No, the new breed of hypercars is something completely different: racing cars with indicators.
Take one look at the Mercedes Project ONE, for example. Okay, so there’s a kind of road car shape to it, but at its heart it’s Lewis Hamilton’s weekend ride. Mercedes-AMG has taken an F1 car’s 1.6-liter petrol engine and KERS hybrid system and placed it into a two-seat car with a roof. Yes, there’s some concessions to daily use — we’re not sure anyone would buy a car that needs a new engine every thousand miles — but that’s the basic recipe.
It’s a short hop from Mercedes-AMG’s F1 base in Brackley to Gaydon. There Aston Martin, with Red Bull’s F1 team, is making an even stranger car. The Valkyrie looks much more like an F1 car — albeit with a cockpit — but totes a more traditional 6.5-liter V12. Again, this car uses a lot of F1 technology in its construction.

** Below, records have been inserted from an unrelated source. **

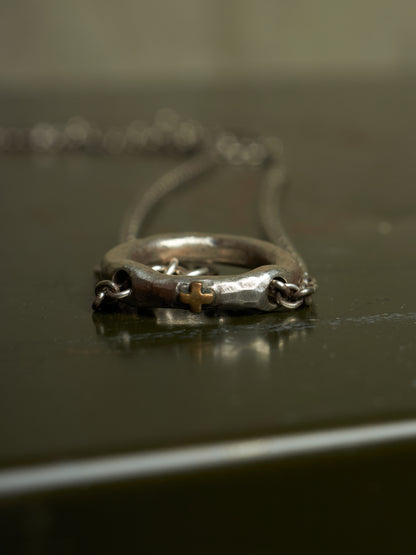 A close-up of a silver-toned ring necklace with a small gold cross detail, resting on a dark reflective surface.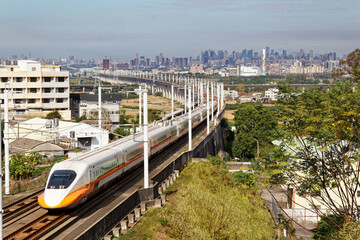 
A train of Taiwan High Speed Rail (THSR) traveling through a railway curve in the countryside with modern skyscrapers of Taichung City in the distant background under blue sunny sky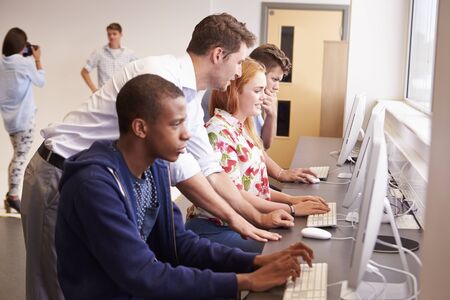 College Students Using Computers On Media Studies Courseの写真素材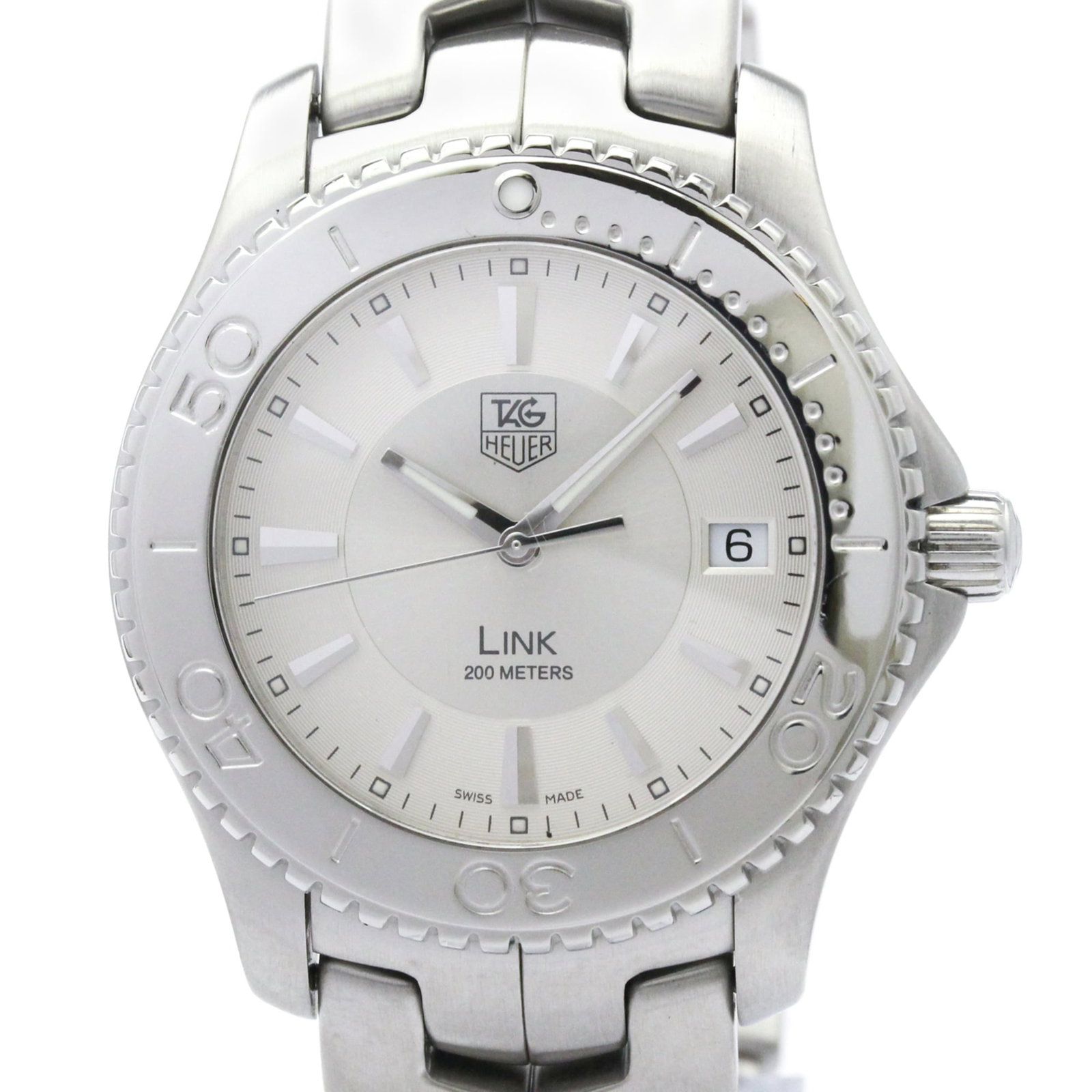 Wristwatch by Tag Heuer: Wristwatch by Tag Heuer Stainless steel case and band add a sporty touch to this Tag Heuer Link wristwatch, featuring a silver dial and quartz movement. The watch measures 39mm in diameter and weighs 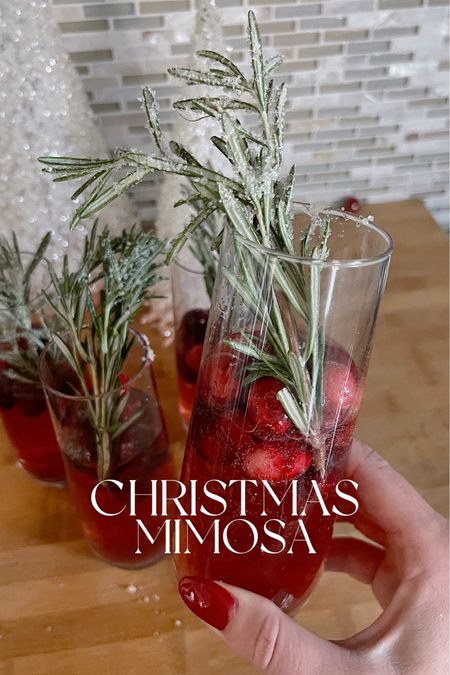 Christmas Mimosa 🌲🥂 

Add champagne/prosecco to glass first, then splash in cranberry juice to taste! 

For garnish, sprinkle fresh cranberries with edible glitter. 

Take fresh Rosemary sprigs & run under water to moisten, then dust in sugar (I use coconut sugar because the granules are larger).


#LTKSeasonal #LTKparties #LTKHoliday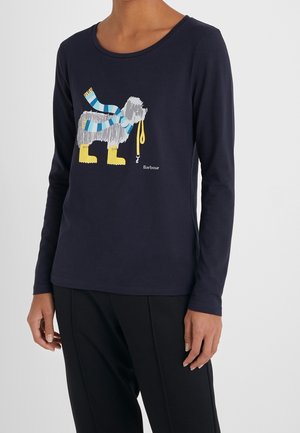 Marineblauw shirt met lange mouwen met een afbeelding van een grijze hond die een blauwgestreepte sjaal en gele laarzen draagt en een gele riem in zijn mond houdt.
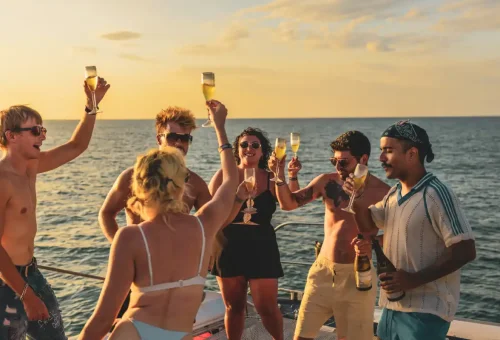 Happy travelers raising champagne glasses on deck at sunset during catamaran cruise.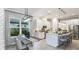 Bright kitchen and dining area with stainless steel appliances, an island, and pendant lighting at 8100 Moonbeam Ave, Sarasota, FL 34241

Toyota too is getting in on the act. It may not have an F1 team any longer, but it is the last manufacturer left in LMP1. Its racing team, Gazoo Racing, is reportedly working on a supercar tentatively dubbed the GR Super Sport. There’s no detail on this yet aside from a silhouette — which looks remarkably like an LMP1 car — but that alone hints at a peer for the Aston and Mercedes. Toyota has form in suddenly conjuring up a brilliant supercar from nowhere; remember the Lexus LFA or, madder still, the TS020 homologation special?
That’s not an end to it either. Both BMW and Audi are reportedly considering their own rivals. This may just be to cover off what Mercedes is up to — after all, the three German brands do tend to lead each other into new sectors — but it’s unlikely that five car makers independently decide to build exactly the same type of car at once.
What could it hint at if not a coincidence? Well, it may be one of the arms of the Triple Crown of Motorsport, but the 24 Hours of Le Mans appears to be in a bit of trouble at the moment. The FIA World Endurance Championship, which features the famous race as a flagship event, is suffering from a lack of competition in its top category, LMP1.
This ferociously expensive formula has seen manufacturers dropping like flies. Peugeot quit to focus on rally, Nissan quit because its car was terrible, and Audi and Porsche quit for reasons we’re sure are not connected to VW’s restructuring after Dieselgate.
That just leaves Toyota, which will compete in its 20th Le Mans next year but is yet to win. For 2018 (and 2019, thanks to the 18-month “superseason”) it will be the only full factory LMP1 entry, and practically unopposed. A number of other customer entries, using new Dallara and Ginetta chassis are mooted however.
Indeed things are so on edge in WEC that the championship recently held a fan survey on how it should proceed in the future. But are WEC’s woes and the influx of hypercars really connected?
It’s certainly true that many fans clamor for the old days of Le Mans, when the race winner could drive away from the circuit afterwards. LMP1 prototypes may bring unprecedented lap speeds, and Group C had phenomenal straight line pace, but there’s a certain magic to seeing road cars — even fabulously expensive ones — tearing up the race track.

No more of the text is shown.